Also, mechanical infrastructure. Having both restaurants means you've got twice or three times as many water heaters or HVAC units to go out. People don't realize the deeper you get in, the less you're actually doing the thing people think you're doing. I barely get to cook anymore. I grind and mix sausage and cut meat and work the counter and do special events, but those are the only menus I really get to build anymore. I unplug toilets. I fix HVAC units or whatever else. I call around and find ice for Marcus to get on days like this.
You just rolled out weekend brunch last weekend, any other exciting future plans?
BM: The farmers' market will be big, that starts June 5th. Last year we had our own market, and we also had the Cully market on Sundays, but they decided that they wanted to join together. I just got the layout and there are 30-something stalls and four major events throughout the summer. It's very exciting.

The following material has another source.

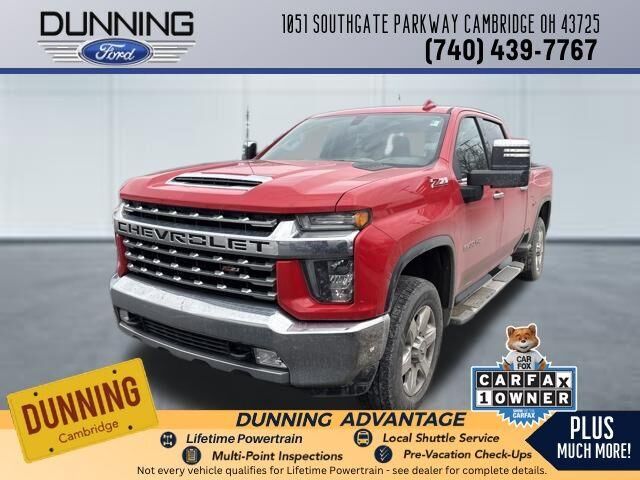 2023 Chevrolet Silverado 3500HD LTZ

AG: Having the back space now, we're really excited about doing classes, we've got a whole set posted on our website right now. And we have a couple fun dinners in June: On the 9th we're doing a beer pairing dinner, I'll focus on tart, funky vintage barrel aged beers from the brewery. We have a Father's Day dinner with Firestone Walker, we're featuring a bunch of their beers, and the owner will be in town for that.
And finally, does it feel like it's been a year?
AG: Yes.
BM: Yes, yes it does. I have my kid now, he was born during the buildout, and now I see him running around here screaming. There have been so many things, one after another, as this place develops.
AG: It's been a busy year. And I think we're all growing up at the same time.
BM: Yeah, both my partners are getting married this summer.
AG: Sometimes you feel overwhelmed but then at the end of the day when you have all the good stuff going on in your personal life, life is really wonderful. It's hard to get stressed out.